Like all sat nav devices, the MY30 will get you to your destination, but the route chosen will usually be slower than that devised by a local. As with the MY50 before it, we noticed a large number of missing traffic restrictions, such as no right turns, in Sydney's inner suburbs. Wander off course and the MY30 will take quite a few more missed turns before charting a truly new course that doesn't involve u-turns (frequently illegal or impossible to execute ones) or right turns onto major roads without the aid of a traffic light (despite the presence of traffic light locations).

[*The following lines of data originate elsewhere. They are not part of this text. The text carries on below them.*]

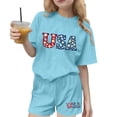 thumbnail image 2 of Stamzod 4Th Of July Girls Summer Outfits Casual Short Sleeve T-Shirt and Shorts Lounge Set Sky Blue B 11-12Years, 2 of 7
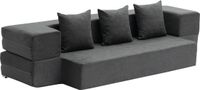 VEVOR Slaapbank Vouwbank 3 In 1 Opvouwbare Bank met 3 Kussens Donkergrijs (Twin)
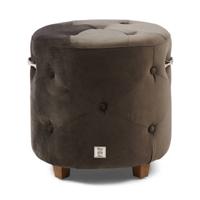 Rivièra Maison Poef 'Bowery' Velvet III, kleur Anthracite - thumbnail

In the CBD, performance was variable. Like the vast majority of portable nav devices, the MY30 sometimes placed us a street or two across from where we actually were, as signals from the GPS satellites above were bounced around by the giant concrete and glass structures around us. Text-to-speech street name pronunciation was hit and miss: phoneme information allowed some prominent Aboriginal road names, like Sydney's Parramatta Road, to be uttered intelligibly, while others still required some mental gymnastics to figure out.


The MY30 is a good looking device at a good price, and it works reasonably well most of the time. With the TomTom One 140's recent price cut to AU$299, we'd (just) go for that over the MY30 on the basis that it offers greater lane guidance and the ability to not only correct map errors, but to download and share these with other users.